To combat this Housing Minister Kit Malthouse has published a consultation on changes to developer contribution rules which will speed up housing delivery.
He said that new rules on developer contributions which help fund new roads, schools, play areas and other essential infrastructure have been published in a move to quicken the pace of housing delivery in England.
Financial contributions are required from developers where additional public infrastructure is needed to support the building of new homes, with the government’s Community Infrastructure Levy collecting almost £1 billion since it was introduced in 2010.
But it is just part of a wider package of reforms to address the lengthy and complex process of negotiation for councils that slows down the delivery of new homes, precisely at a time when more are needed.
The aim is to try to ensure the infrastructure needs of communities are identified from the outset, saving time and allowing the provision of infrastructure to be costed in to projects at an early stage. It also seeks to increase the types of project that can benefit from the Community Infrastructure Levy, ensuring a wider range of community priorities are eligible to receive funding.
‘Communities and developers must know that vital infrastructure needed to support new homes is going to arrive even before a shovel hits the ground. The billions of pounds already paid by developers has been critical in delivering the more, better, faster homes this country so desperately needs, but we must go further,’ said Malthouse.
‘These reforms will make the system simpler, transparent and easy to understand and will accelerate the pace of home building and it’s now up to housebuilders and residents to tell us what they think,’ he added.
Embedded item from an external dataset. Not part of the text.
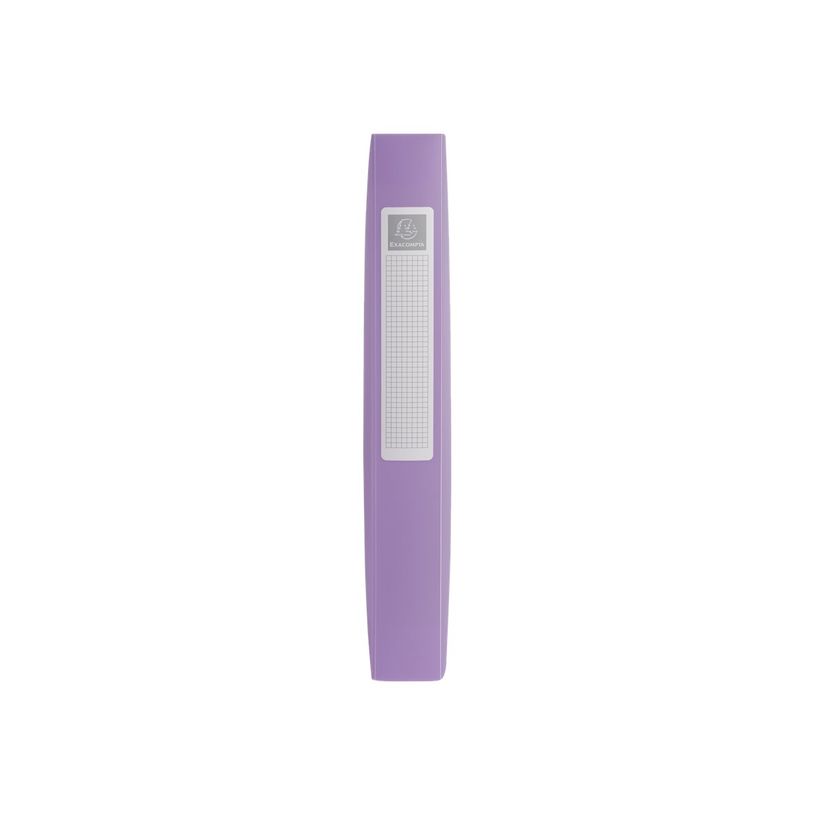 3130630141709-Exacompta Chromaline Pastel - Boîte de classement plastique (livrée à plat) - dos 40 mm - disponible dans-P_405117661_6-5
The draft measures, initially announced at the 2018 Autumn Budget, are part of the Government’s wide ranging programme of planning reform and targeted funding to deliver 300,000 homes a year by the mid-2020s.
The consultation, which closes on 31 January 2019, takes forward new proposals that will introduce a new strategic infrastructure tariff, helping fund large scale projects which benefit multiple communities falling under a combined local authority.
They will also widen options on how contributions can be used by councils to benefit their residents, ensuring funds are spent on a wider range of local priorities and increase certainty and transparency by requiring councils to publish details on what has been collected and spent, so communities understand the benefit of development.
The Minister also wants to make sure that the Community Infrastructure Levy responds to changes in land values, ensuring towns and village get the contributions they deserve when planning permission is granted.
Figures reveal that between 2016 and 2017 around £5 billion was successfully secured from developers through Section 106 agreements to support local communities with new infrastructure and more affordable housing.
Separately, the Community Infrastructure Levy has raised an additional £940 million for those areas which have adopted it since 2010.